Toepassing van moratorium in faillissementsrechtelijke context met betrekking tot huurovereenkomst

In deze zaak heeft de Rechtbank Utrecht op 13 september 2011 uitspraak gedaan in een verzoek tot het instellen van een moratorium op basis van artikel 287b van de Faillissementswet (Fw). Verzoekster, geboren in 1976 en wonende te [woonplaats], heeft het verzoek ingediend met het doel om artikel 305 Fw van toepassing te verklaren. Dit verzoek is gedaan in het kader van een poging om een minnelijke schuldregeling te treffen met haar schuldeisers. De Stichting Bedrijfstakpensioenfonds voor de Metalektro, de schuldeiser, heeft zich schriftelijk verzet tegen het verzoek en heeft aangevoerd dat verzoekster herhaaldelijk wanprestatie heeft geleverd in de nakoming van haar verplichtingen uit de huurovereenkomst, wat heeft geleid tot meerdere ontruimingsvonnissen.

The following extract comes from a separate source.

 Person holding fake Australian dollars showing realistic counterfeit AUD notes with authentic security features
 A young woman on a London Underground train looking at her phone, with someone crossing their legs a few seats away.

De rechtbank heeft de tenuitvoerlegging van het ontruimingsvonnis opgeschort en de huurovereenkomst verlengd voor de duur van het moratorium, dat is vastgesteld op zes maanden. De rechtbank oordeelde dat verzoekster, mede door de woonkostentoeslag, in staat is om haar lopende vaste lasten te voldoen en dat er voldoende waarborgen zijn dat zij haar verplichtingen kan nakomen. De rechtbank heeft vastgesteld dat er een gestart schuldregelingstraject is en dat het verzoek tot moratorium noodzakelijk is om verzoekster de kans te geven om tot een minnelijke regeling te komen.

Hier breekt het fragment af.